Zeile 87: schau mal, was in dieser Zeile null sein könnte.

Und schwupps: filmDB ist nicht initialisiert - heißt "null"


----------



## node (20. Okt 2011)

ich dachte das hätte ich Zeile 17 schon getan oder muss ich das in der Funktion noch mal machen?


----------



## SlaterB (20. Okt 2011)

wenn es in Zeile 17 wäre, wofür ist dann Zeile 96
> GraphDatabaseService filmDB = new EmbeddedGraphDatabase(DB_PATH);
da?

Grundverständnis zu Variablen-Deklaration, Zuweisung, Objekterzeung vorhanden?

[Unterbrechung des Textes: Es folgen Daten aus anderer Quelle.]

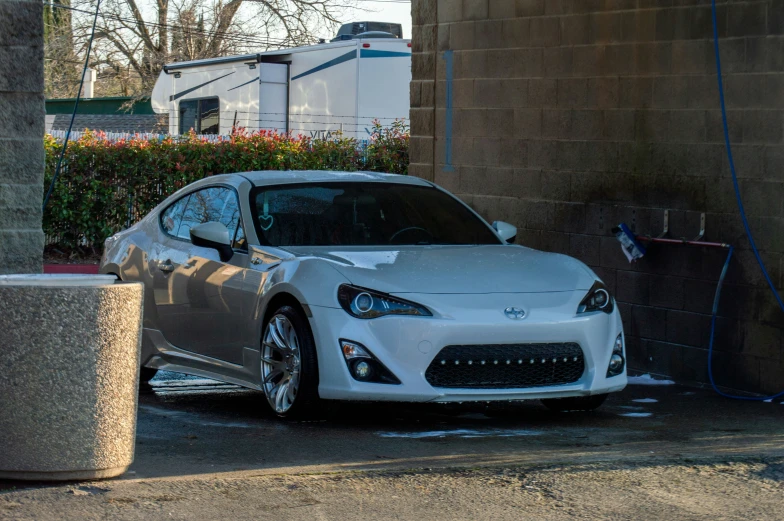 the toyota sports car is parked at an electrical outlet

in Zeile 96 vorne den Typ weg, dann wird keine gleichnamige lokale Variable angelegt, sondern das Attribut filmDB befüllt,
welches dann in anderen Methoden genutzt werden kann

in Zeile 34 steht ja auch
> label=new JPanel(new GridLayout(1,3));
und nicht
> JPanel label=new JPanel(new GridLayout(1,3));


----------



## node (20. Okt 2011)

Soweit ich das verstanden habe ist <b>GraphDatabaseService filmDB = new EmbeddedGraphDatabase(DB_PATH);</b> zum öffnen bzw. zum erstellen der Datenbank. Kann mich aber auch irren.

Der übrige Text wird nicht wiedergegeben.